The desire to celebrate the lives of famous men has no doubt been a fundamental characteristic of human nature since the beginning of time. The picture of ‘primitive’ man, squatting at night by a fire in the smoky cave, which served him for a home, relating his brief, rude, ancestral tales to an appreciative audience of two or three, rapt and forgetful (for a moment) of the harsh life outside, is neither unplausible nor improbable.
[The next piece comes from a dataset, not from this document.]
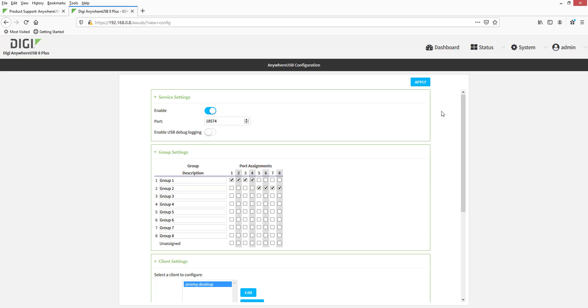Group 2 has USB ports 5 through 8 assigned to it. However, there are no client IDs which have access to this group. So, Group 2, aka USB ports 5 through 8, is currently unusable.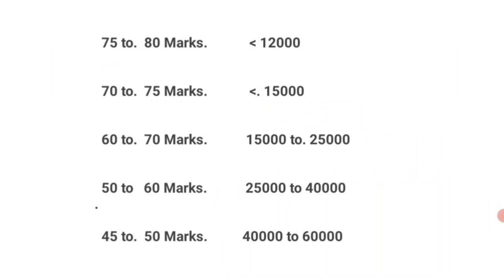And for students who got around 40 marks, your rank will be between 60,000 to 1 lakh.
It is perhaps possible (on the principle of ex pede Herculem) to disentangle some of the elements which contributed to the experience afforded by the relation of such stories. In an uncivilized community the dead exact a tyrannical homage from the living in order that the consequences of their imagined wrath may be averted. Hence they are to be placated by all means, and their memory is to be revered by the enumeration of the glorious exploits which they performed whilfe living. For, in the ‘next world’, whither they have been translated—call it the Elysian Fields, or what you will—they are conceived of as taking joy in the celebration of their valour and the recital of their achievements.
Again, the tribe or race must be preserved, and there is no more suitable medium for the crystallization of tribal or racial virtues than oral tradition. The young men, as they listen to the deeds of their forefathers, are stirred by ‘this constant renewal of the good report of brave men’ and are themselves fired with the desire for an immortal name.